DESCRIPTION OF THE TASK
Skip the pictures. Transcribe the rest of the data below without changing a word.

DATA SEGMENT
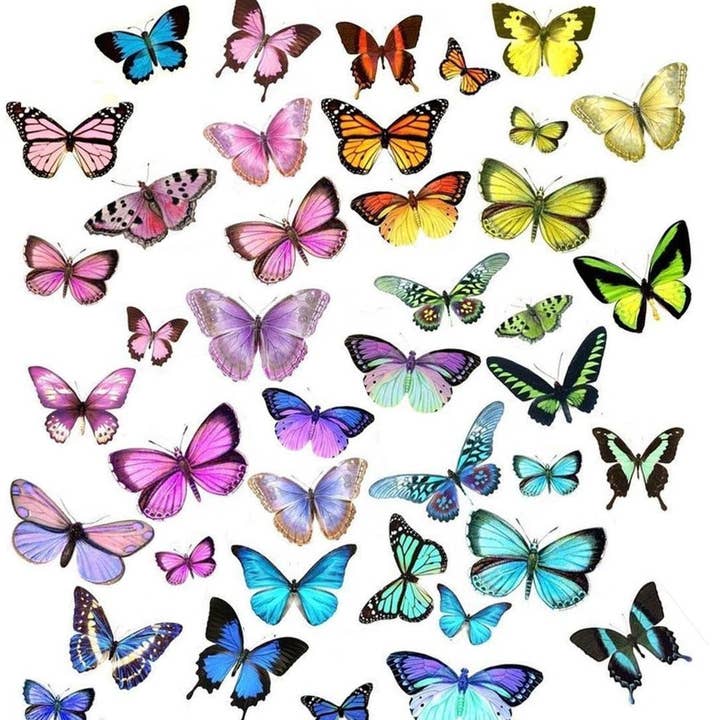 Adhesivos Butterfly Spectrum - TRANSPARENTE para venta al por mayor de DIPPY COW NAILS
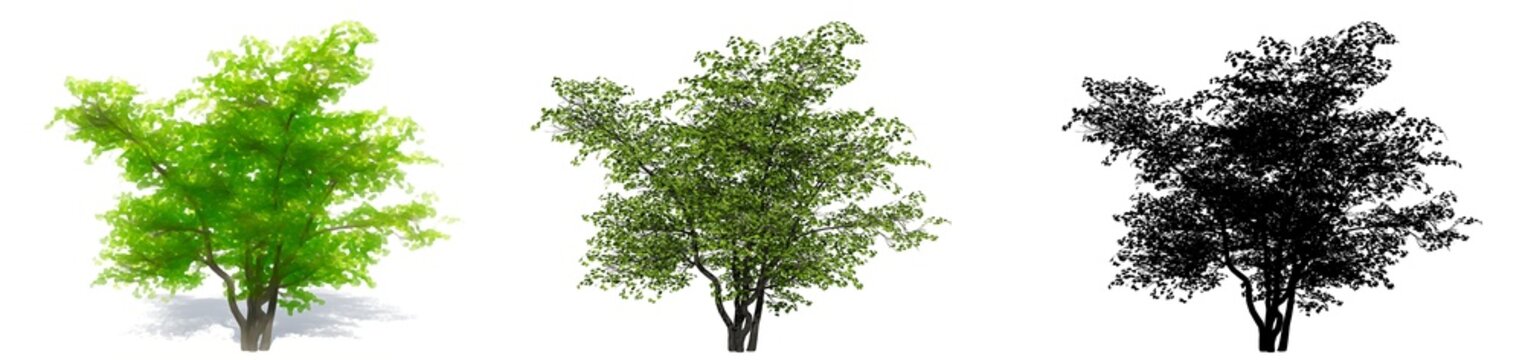 Set or collection of Flowering Dogwood trees, painted, natural and as a black silhouette on white background. Conceptual 3d illustration for nature, ecology and conservation, strength, beauty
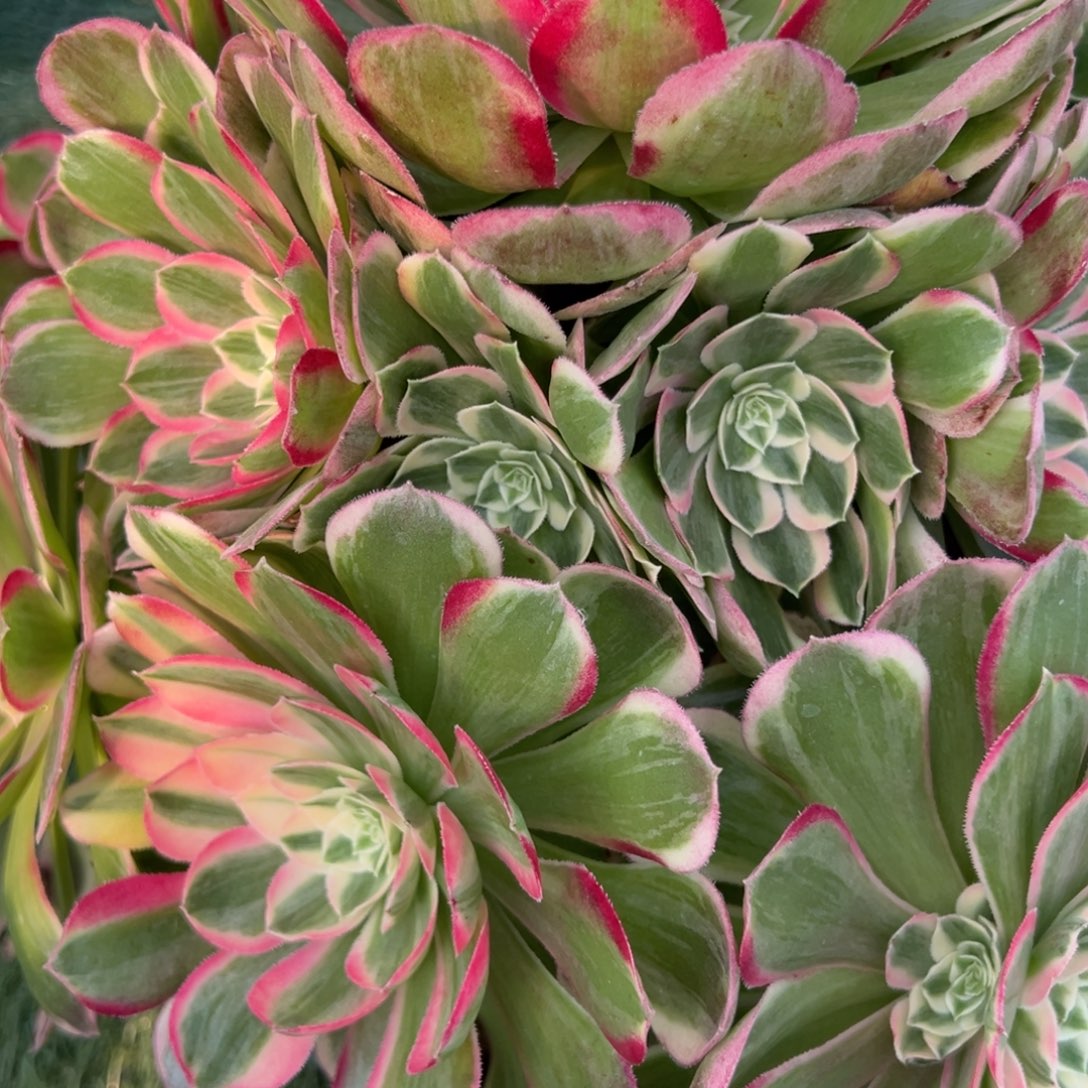 443，寄养孔雀翎多肉植物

TASK RESPONSE
 Adhesivos Butterfly Spectrum - TRANSPARENTE para venta al por mayor de DIPPY COW NAILS
 Set or collection of Flowering Dogwood trees, painted, natural and as a black silhouette on white background. Conceptual 3d illustration for nature, ecology and conservation, strength, beauty
 443，寄养孔雀翎多肉植物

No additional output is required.